RalfJung · 2024-07-26T10:34:27Z

In C I think this is not true for char types. But yeah for most types you cannot pass them uninit by value.

carbotaniuman · 2024-07-26T12:11:54Z

The PR that introduced the guarantees does not talk about padding, and it seems like that wasn't really understood back then. The t-lang minutes discussing this are lost to time and reorganizations, but it seems doubtful that such a consideration was raised. Discussions from 2018 raise a lack of real-world use cases for ABI compatibility, and I agree with such a sentiment in the present.

I don't this this would be approved nowadays, but I am incredibly apprehensive about removing it. There are few places in the Rust documentation that use always for guarantees like this, and the use cases for some weird FFI thunks or bindings would be nigh-impossible to properly test with crater or similar...

RalfJung · 2024-07-26T12:28:24Z

@carbotaniuman I think we should consider removing it. If we can't come up with any legitimate usecase, I think we should definitely remove it. I don't like going back on a promise like this, but if we don't have a usecase that could be broken by taking back this promise, then the chances that someone is affected should be very slim.

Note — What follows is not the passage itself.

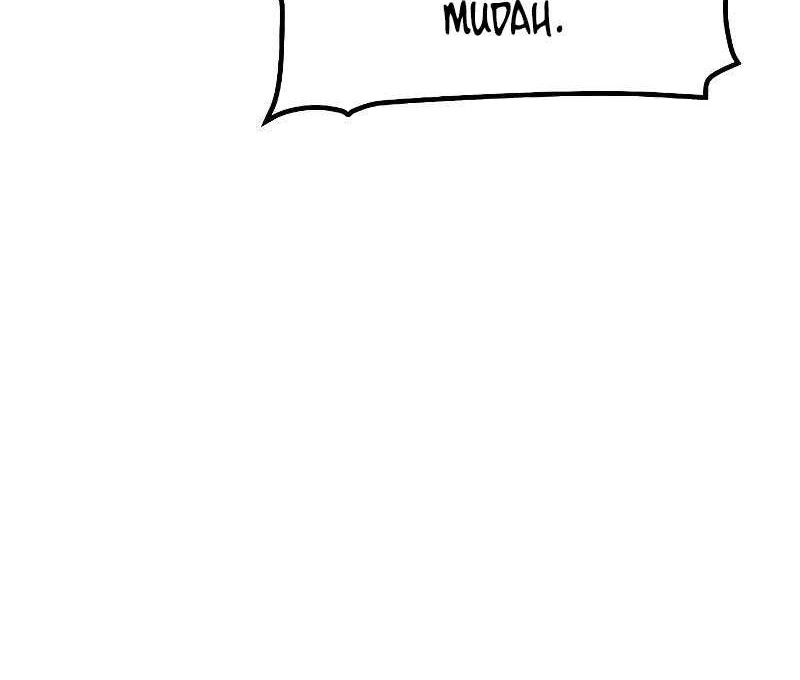 Alone Necromancer chapter 187 halaman 5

@Diggsey thanks for explaining why you think this belongs in this thread. But I disagree. "MaybeUninit preserves provenance" is not relevant here. You will note that provenance does not appear in the issue description. Furthermore, provenance on CHERI works like it does everywhere else, so even if provenance were relevant, CHERI wouldn't change anything. It is true that you can write code with MaybeUninit that will work everywhere but not on CHERI; discussing that is off-topic here as the reasons are completely different from what this thread is about and also different from what you mentioned -- it is caused not by padding and not by provenance, but by capabilities. So please take this elsewhere, e.g. Zulip or a new issue where you explain why you think MaybeUninit's provenance behavior is incompatible with CHERI, but I'd prefer not to see yet another thread derailed by CHERI. I like CHERI and want to see it work in Rust, but our main task here is to figure out Rust for the existing targets we already support. CHERI support is a nice extra that I'll happily discuss, as long as it doesn't distract from our core task.

carbotaniuman · 2024-07-26T13:17:33Z

If we do agree to remove the guarantee, I expect it to break 0 uses in practice. My only other concern would be the performance impact of having to copy more bytes. It probably won't affect SIMD or buffers though, so I don't really think that's it's really an issue.

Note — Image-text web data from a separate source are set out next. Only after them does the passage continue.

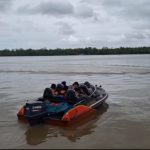 IMG 20250916 WA0019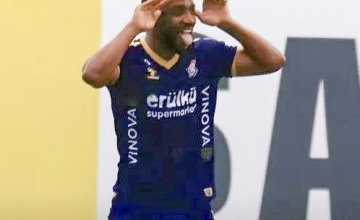 Chypre du Nord : Laurys Ndong Meye buteur et passeur, le succès de Cihangir contesté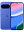 Смартфон Google Pixel 10 12/128 GB, Индиго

bjorn3 · 2024-07-26T13:23:31Z

I think we should preserve the memory layout compatibility, but drop the calling convention compatibility. That could be done using repr(C) instead of repr(transparent) I think.

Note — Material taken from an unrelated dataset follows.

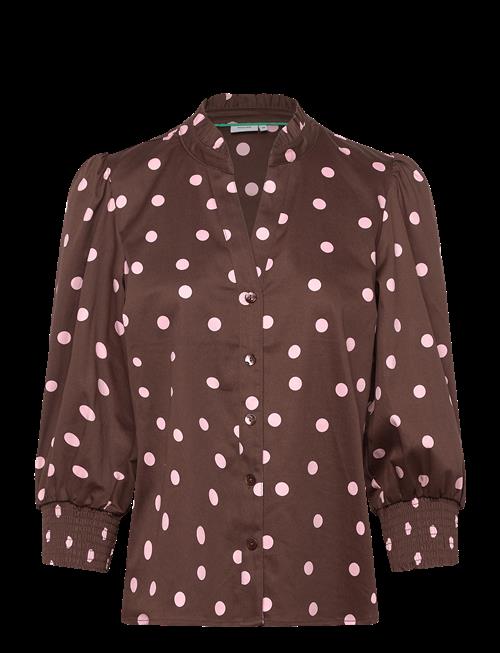 Nümph | Nusine Shirt | 44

chorman0773 · 2024-07-26T13:24:11Z

FTR, I use MaybeUninit<T> in the signatures of lccc's libatomic and libsfp ABI-level routines. This is because they get called from xlang's codegen, and xlang allows uninit for those operations. Though in these cases, they are types without padding in the signature.

However, for compatibility with gcc/clang, they have to expose an ABI equal to the rountines using primitives.

chorman0773 · 2024-07-26T13:27:22Z

(And in general, I agree with @carbotaniuman - unless crater is testing all kinds of targets, I'm betting it primarily tests x86_64, where aggregate-of-one-field will get passed the same way as that one field*, so without using miri-crater, the ABI checks won't be found by crater. If the code is used on something like arm32 though, it's going to be very visibility broken)

RalfJung · 2024-07-26T13:28:12Z

Yes, this is super hard to test for. I wonder if it's worth having a blog post asking people whether they need this guarantee...

I think we should preserve the memory layout compatibility, but drop the calling convention compatibility. That could be done using repr(C) instead of repr(transparent) I think.

Yes, concretely the proposal would be:

T and MaybeUninit<T> always have the same size and alignment
they have the same ABI if T has no padding

Or maybe "no padding" should be restricted a bit further, like "if T is a primitive integer/float/pointer type" or so. Note that some non-power-of-2 SIMD types have padding so we have to be careful if we want to talk about those types.

Ddystopia · 2024-07-26T13:55:00Z

Is the only motivation to backing up on that promise is the fact that this is a frequent source of confusion? Which benefits except clarity can Rust gain?

RalfJung · 2024-07-26T14:12:36Z

We never intended MaybeUninit<(u8, u16)> to have a padding byte that would be lost on copies. This is a complete accident. It's not just a source of confusion, it's not the semantics we want. It came up in #517 where it means that returning a MaybeUninit<T> from an atomic compare-exchange actually doesn't work since padding bytes still get lost so we won't end up having the same bit pattern as what is stored in the atomic location.

jamesmunns · 2024-07-26T14:16:16Z

I'm pretty sure this is still the case, but it might be worth it to enumerate things that ARE still allowed for this wrt FFI/ABI concerns. My primary use of MaybeUninit<T> in FFI is for "outptr" usages (edit: specifically &mut MaybeUninit<T> or *mut MaybeUninit<T>), which seems to be still good (because we never copy/pass by value - the part that is discussed by this issue), but for folks like myself might be worth spelling out clearly/contrasting what is no longer allowed.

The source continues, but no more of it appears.